Why does this matter? When we have about a 6 month supply of homes available, it is considered a “balanced” market between buyers and sellers. When there’s a longer supply of homes out there, it becomes a buyer’s market (lots of sellers competing to be in the good graces of buyers, and prices often slip). When the supply dips lower, it becomes a seller’s market (since lots of buyers are competing for such a limited supply of homes, and sellers have more leverage to name their price). Basic “supply and demand” issues here. So the data in this graph SHOUT that with a supply of homes only able to fill the needs of 4.5 months of buyers…Cincinnati has a serious SELLER’S MARKET going on.
But chances are that you are not average. (See, your mama was right: you ARE special!)
The 4.5 month statistic is not irrelevant, but it is important to realize that it is an average.
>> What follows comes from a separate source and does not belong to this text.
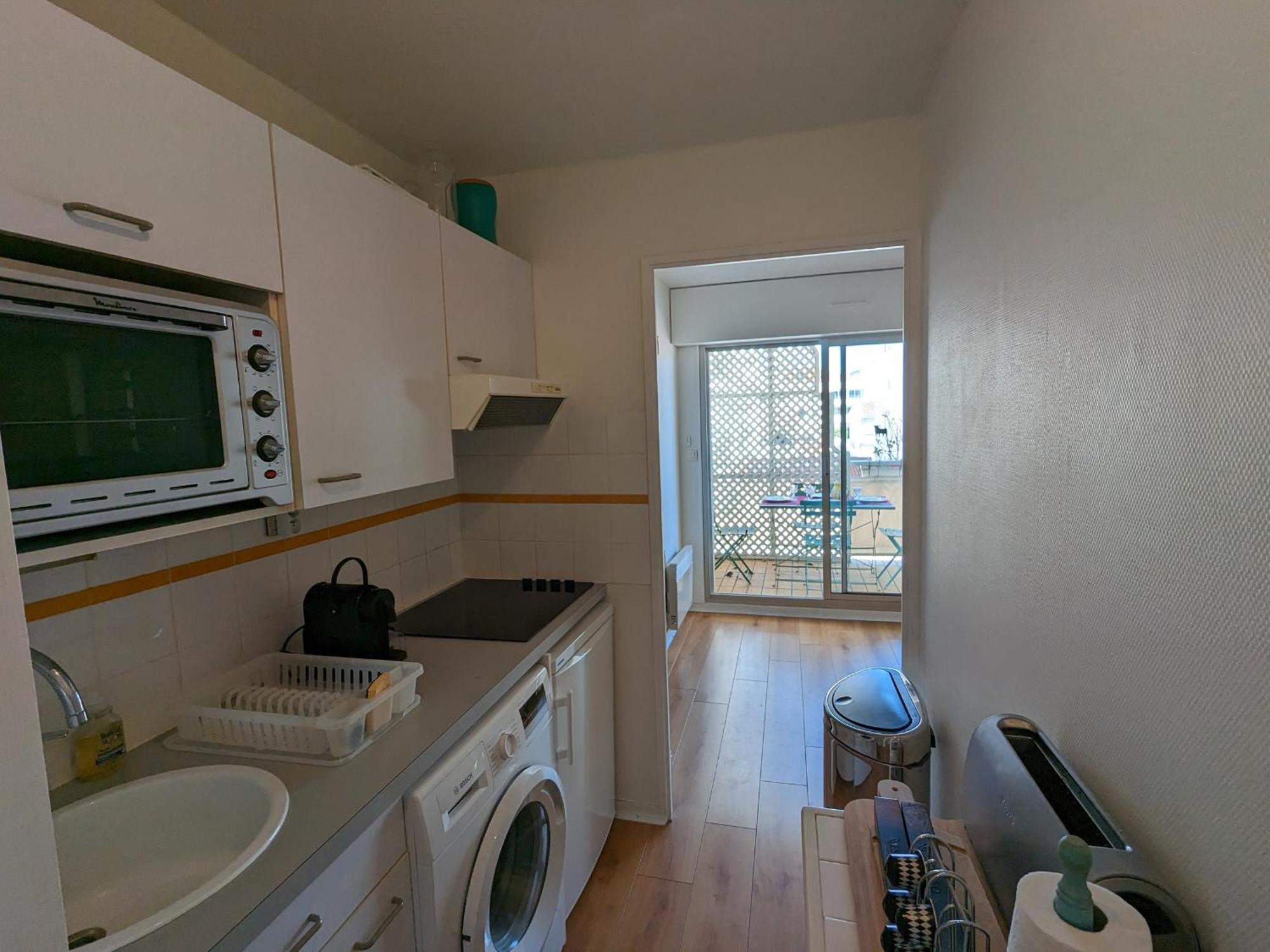Arcachon Centre: Beau T2 53M² Avec Terrasse, Parking, Ascenseur, Proche Plage Et Commerces - Fr-1-420-93 Bagian luar foto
It reflects a big clump of everything…from condos to cape cods to “castles.” The statistics throw everything into one pot— 1 bedroom homes, 6 bedroom homes, neighborhoods as different as Norwood and Kenwood, Mt. Adams and Mt. Healthy, Madisonville and Maineville. And everything around them and in between.
ON AVERAGE, the Cincinnati market shows just a 4.5 month supply of homes for sale. But what about your neighborhood? And what about homes like yours? You may be far from average. Just this week I analyzed market data for two sellers, and found them to be in widely divergent situations. For one home, there was a TWO YEAR supply of like, nearby homes for sale.(Ugh!) For the other house, there was less than a one month supply.(OMG!) These two houses are not that far from one another. But their real estate scenarios are worlds apart. If either of these owners thought they were “average,” they could be making serious mistakes about the marketing and pricing of their homes.
The headlines about the current real estate climate are captivating. In broad brush strokes, the headlines tell an engaging story about the wider trends in real estate. But the data upon which the headlines are based are almost always averages. And chances are you’re not average. The headlines shout, the market info specific to your situation whispers. Are you competing with a 2 year supply of other homes for sale? Or a one month supply? You need to know. That’s why I love mucking around in the data…because these numbers really matter to you, and I want to know that we’re paying attention to the right whispers.